Objective: To determine the phenotypic and cellular expression of two novel connexin32 (Cx32) mutations causing X-linked Charcot-Marie-Tooth disease (CMT1X).
Methods: The authors evaluated several members of two families with CMT1X clinically, electrophysiologically, pathologically, and by genetic testing. The Cx32 mutations were expressed in vitro and studied by immunocytochemistry.
Results: In both families, men were more severely affected than women with onset in the second decade of life. In the first family, the phenotype was that of demyelinating polyneuropathy with variable involvement of peripheral nerves. There was clinical evidence of CNS involvement in at least three of the patients, with extensor plantar responses and brisk reflexes. In the second family, the affected man presented with symmetric polyneuropathy and intermediate slowing of conduction velocities, whereas affected women had prominent asymmetric atrophy of the leg muscles.

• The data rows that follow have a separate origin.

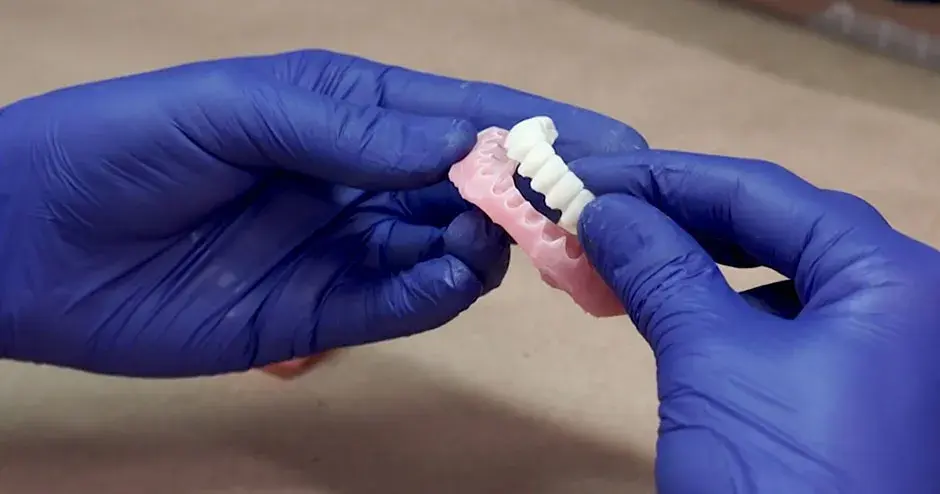 A dentist holding 3D printed dentures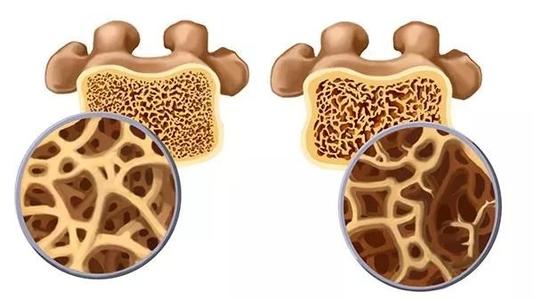 超声51漫画网官网免费测定仪让大家更好的了解骨骼情况该如何预防骨质疏松?
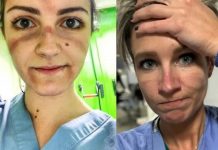 Лікарі показали, як виглядають їхні обличчя після доби роботи в умовах пандемії коронавіруса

The authors identified two novel missense mutations resulting in L143P amino acid substitution in the first family and in V140E substitution in the second family, both located in the third transmembrane domain of Cx32. Expression of these Cx32 mutations in communication-incompetent HeLa cells and immunocytochemical analysis revealed that both mutants were retained intracellularly and were localized in the Golgi apparatus. In contrast to wild-type protein, they did not form gap junctions.
Conclusion: These novel connexin32 (Cx32) mutations cause a spectrum of clinical manifestations characteristic of Charcot-Marie-Tooth disease (CMT1X), including demyelinating or intermediate polyneuropathy, which is often asymmetric, and CNS involvement in one family. The position and cellular expression of Cx32 mutations alone cannot fully predict these phenotypic variations in CMT1X.